**THE DATA**:

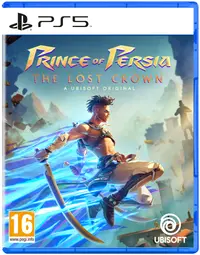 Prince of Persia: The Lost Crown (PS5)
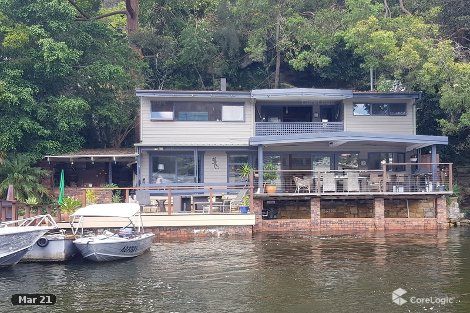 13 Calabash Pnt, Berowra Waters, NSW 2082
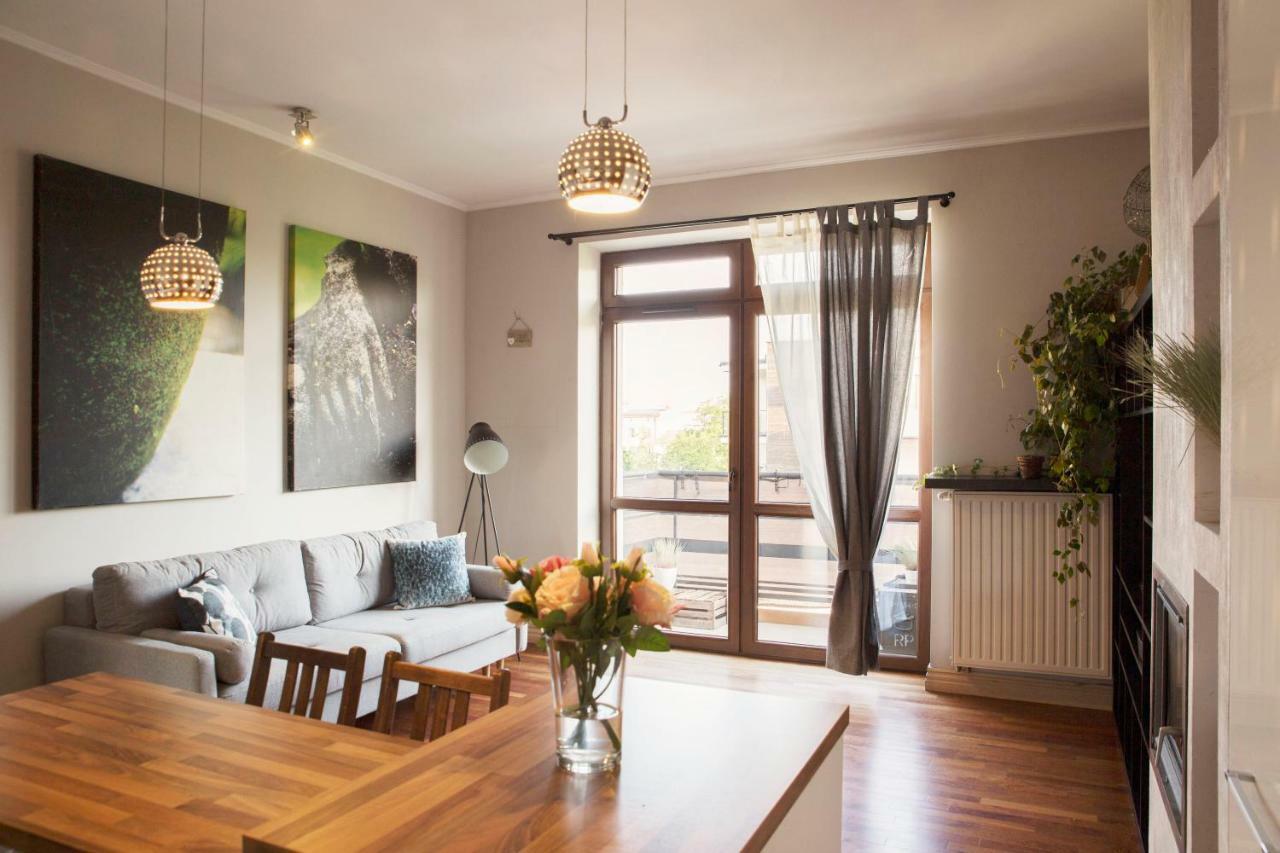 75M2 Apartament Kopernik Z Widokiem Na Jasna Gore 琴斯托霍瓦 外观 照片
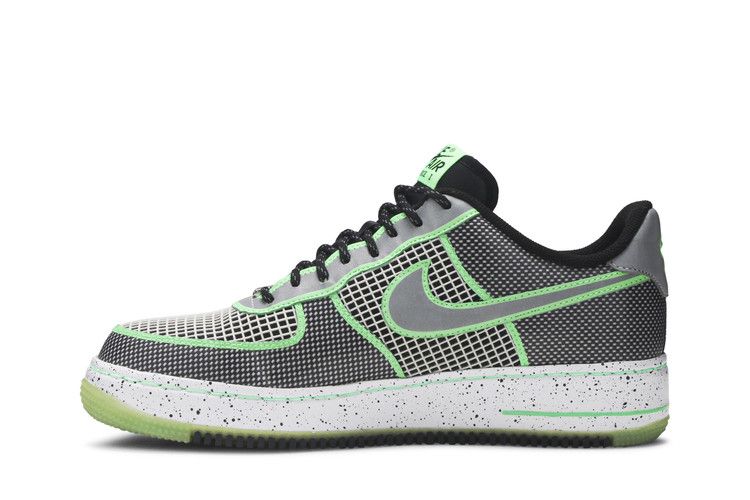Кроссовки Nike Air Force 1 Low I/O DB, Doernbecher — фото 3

**PROBLEM REQUIREMENTS**: Write out exactly, with no pictures, each line from the one containing "75M2 Apartament Kopernik" through the last line of the listing above, both included.

**RESULT OF THIS EXERCISE**:
 75M2 Apartament Kopernik Z Widokiem Na Jasna Gore 琴斯托霍瓦 外观 照片
Кроссовки Nike Air Force 1 Low I/O DB, Doernbecher — фото 3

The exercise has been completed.